BELARUS NEWS AND ANALYSIS

DATE:

22/05/2008

Poland and Sweden to pitch 'Eastern Partnership' idea

By Philippa Runner

Poland and Sweden are to unveil joint proposals for a new eastern Europe policy at an EU foreign ministers' meeting in Brussels on Monday (26 May), in a mini-version of France's "Mediterranean Union."

The "Eastern Partnership" envisages a multinational forum between the EU-27 and neighbouring states Ukraine, Moldova, Georgia, Armenia and Azerbaijan, Polish press agency PAP reports.

The forum would aim to negotiate visa-free travel deals, free trade zones for services and agricultural products and strategic partnership agreements with the five countries.

It would also launch smaller, bilateral projects on student exchange, environmental protection and energy supply, but would avoid the controversial topic of EU membership perspectives.

Dictatorship Belarus could join at a technical and expert-level only. Russia would also be invited to cooperate on local initiatives, involving the Kaliningrad enclave for example.

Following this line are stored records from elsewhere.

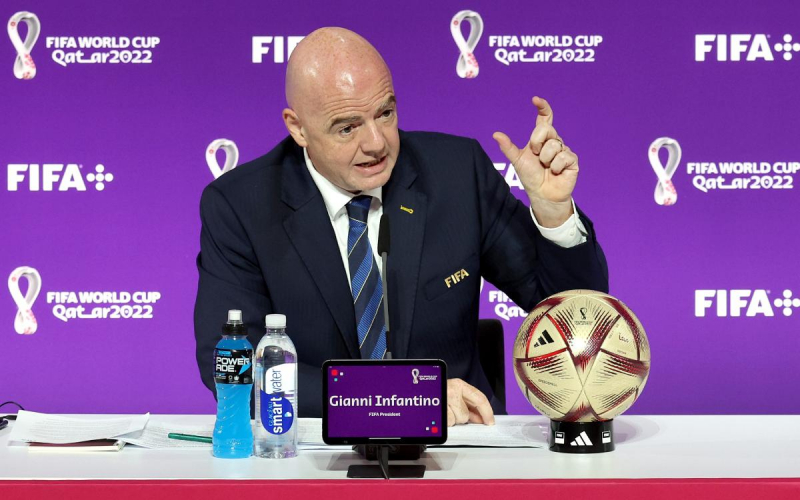 Офис Зеленского обвинил ФИФА в утрате понимания объединяющей роли футбола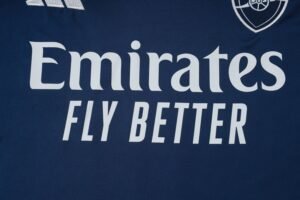 Short Sleeves Arsenal 25/26 Training Suit - Image 4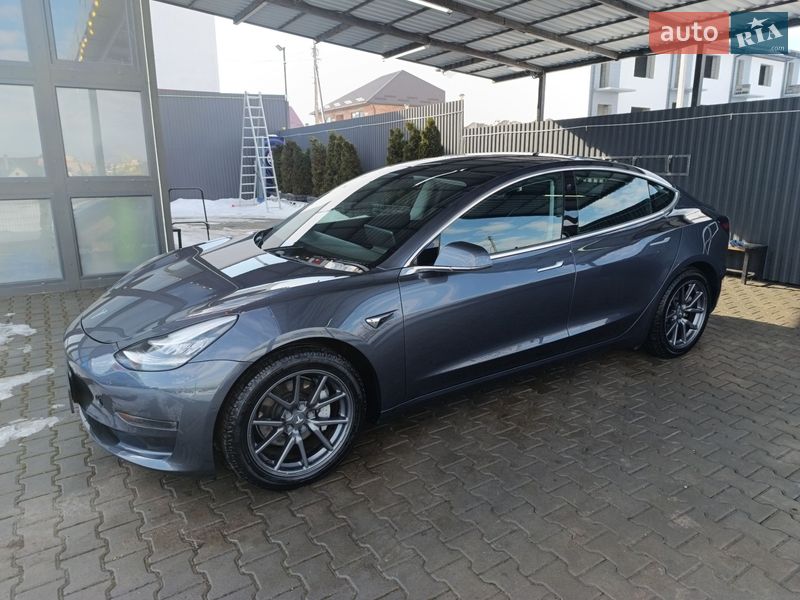 Седан Tesla Model 3 2020 в Каменец-Подольском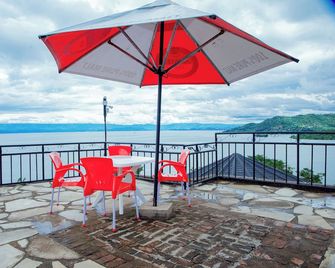 Kigufi Hill, Agape Resort & Kivu Edge - Gisenyi - Balkón
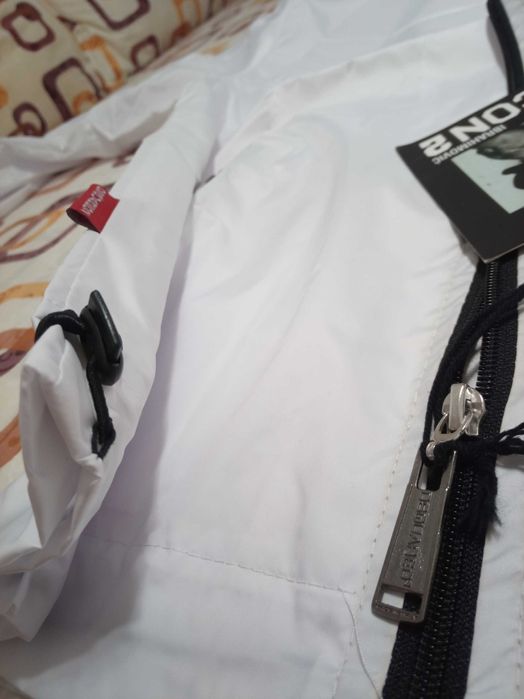 Ветровка Яке Dsquared 2 Dsq Icon D22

Unlike the grander Mediterranean club, the eastern set-up would not have its own secretariat but would be run by the European Commission and financed from the 2007 to 2013 European neighbourhood policy budget. A commission official would be appointed as its "special coordinator."

Following the foreign ministers' debate, Warsaw hopes to secure formal approval at the EU summit in June and to start detailed work on the "partnership" by the end of the year.

Warm reception

"Poland prepared the proposal with Swedish cooperation. The project was presented to the European Commission in recent days and met with a positive reaction," Polish foreign ministry spokesman Piotr Paszkowski said.

The upcoming French EU presidency - keen to secure Polish support for its Mediterranean baby - is warming to the idea, with French leader Nicolas Sarkozy to hold talks with Polish prime minister Donald Tusk in Warsaw next week, PAP writes.

Germany, the UK and the Netherlands have also voiced initial support, but Spain and Italy could prove problematic while Ukraine will have to be persuaded the partnership offers something better than the current EU neighbourhood package, Polish daily Gazeta Wyborcza reports.

"The EU's eastern policy is of interest to the whole EU," Polish commissioner Danuta Hubner told the Rzeczpospolita newspaper. "The weakness of [previous] northern, eastern or southern European Union policies was that they existed only in the sphere of interest of member countries in those regions."